NEW YORK -- A last-minute shopping surge helped holiday sales wrap up better than expected, according to one measure. But stores had to discount heavily to lure shoppers.
ShopperTrak, which tracks data at 40,000 stores in the U.S., said that sales for the November and December months combined rose 2.7 percent to $265.9 billion. That was better than the data service's 2.4 percent forecast for the season, but below the 3.0 percent gain in 2012.
The number of customers in stores dropped 14.6 percent from last year for November and December combined.
After a decent performance in November, sales at stores had been weak for most of December as shoppers held back for the best deals in a still challenging economy. Stores were also challenged by a season that was six days shorter than a year ago.

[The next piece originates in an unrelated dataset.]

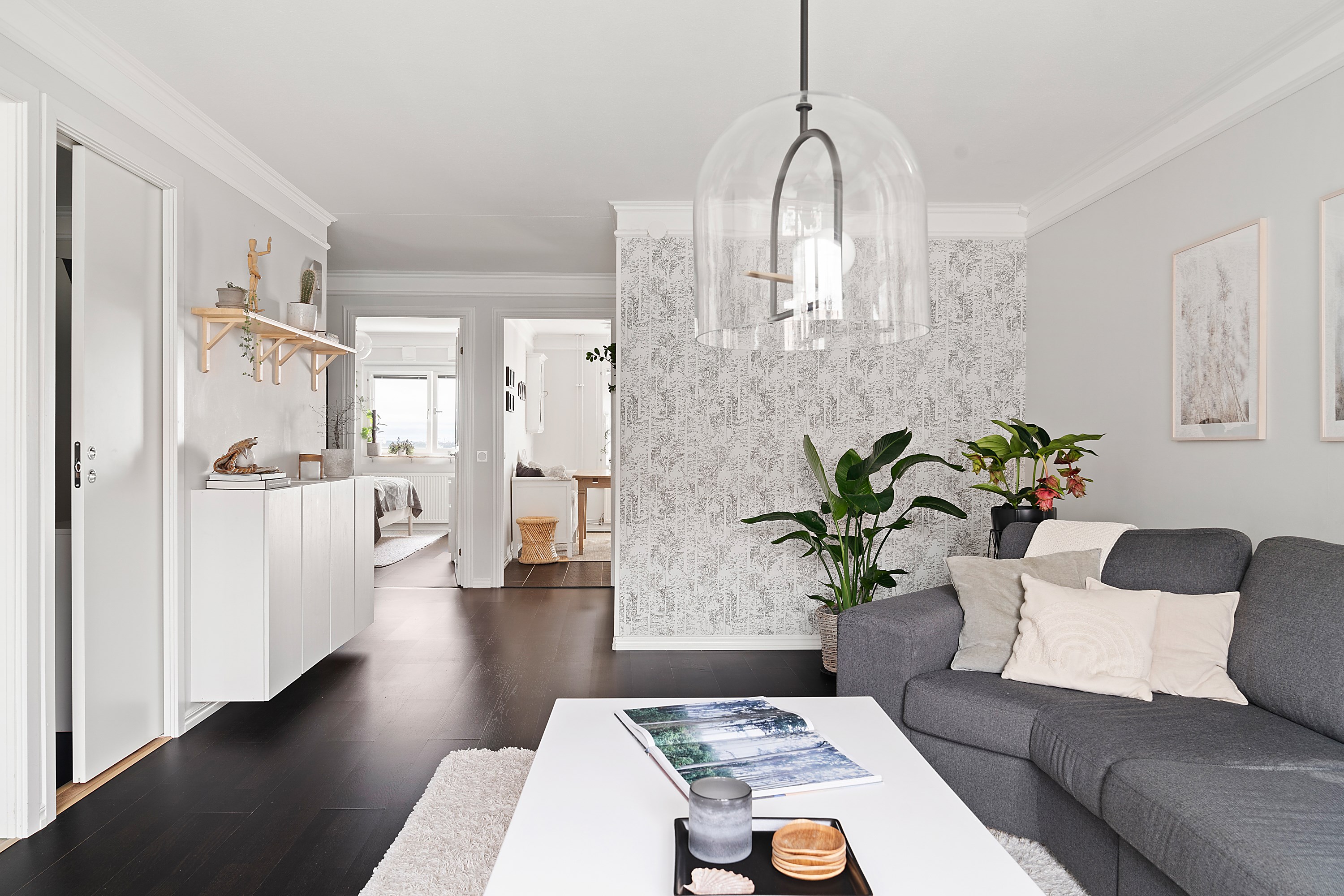 Bostadsbild från Diligensvägen 102, Såld i Jarlaberg, Nacka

That put more pressure on stores for the last few days before Christmas. Merchants had been aggressive with discounting as early as late October but many stepped up price-cutting more than planned in the final days before Christmas.

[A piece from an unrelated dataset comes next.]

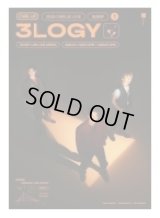 2026 CNBLUE LIVE ‘3LOGY’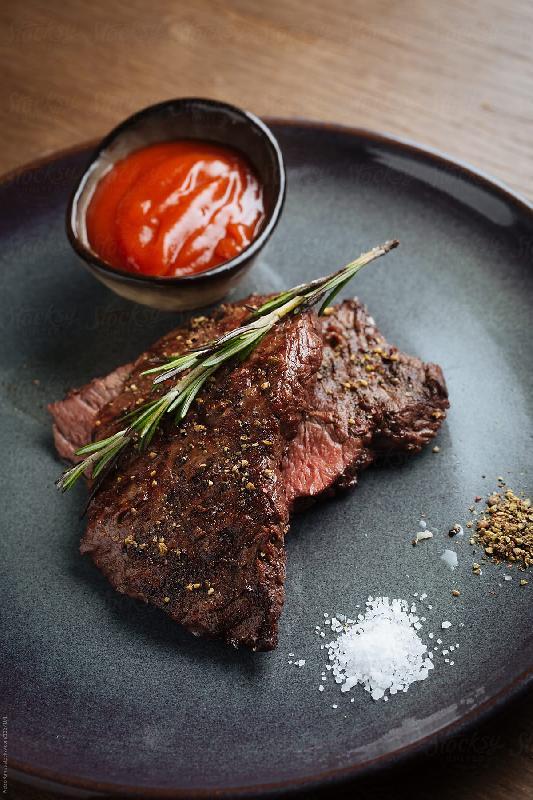 Angus Beef Steak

"It was a lackluster season, but not devastating," said Bill Martin, co-founder of ShopperTrak. "Stores had to go into deep discounting after the softness they saw."
In fact, the week ended Dec. 28 accounted for 15.5 percent of sales and 16 percent of all traffic for the holiday season. That compares with 10.9 percent of last year's holiday season sales and 11.5 percent of last year's traffic.

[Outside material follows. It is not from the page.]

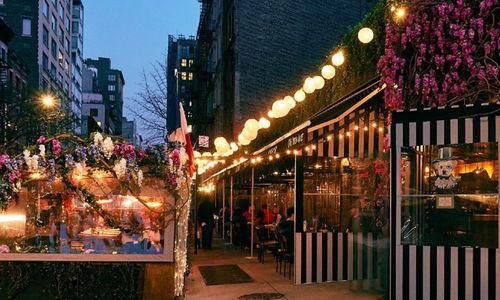 Date Night in Western New York Restaurants by Neighborhood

The numbers do not include online sales, which have been a bright spot for merchants but also faced some challenges.
Holiday shopping online rose 10 percent to $46.5 billion in November and December, the research firm comScore announced Monday. That was lower than the 14 percent growth expected as shoppers showed reluctance to spend freely and faced a shorter holiday season this year.
The results include sales from desktops and laptops but not mobile devices.
Online shopping has been a bright spot for retail sales, growing at a faster clip than overall spending. But the results were hurt primarily because of the six fewer shopper days, according to comScore Chairman Gian Fulgoni.
"Consumers did not have the same opportunity to buy that they would have in a more typical holiday season," said Fulgoni. "They made up for it to some extent by spending significantly more online on the weekends, but so many fewer workdays provided a headwind for the season that ultimately proved very challenging to overcome."
The National Retail Federation, the nation's largest retail trade group, is expected to release final holiday sales figures Tuesday. The group expects a 3.9 percent sales gain to $602.1 billion for November and December. That would be higher than the 3.5 percent increase seen in 2012. The figures include online sales.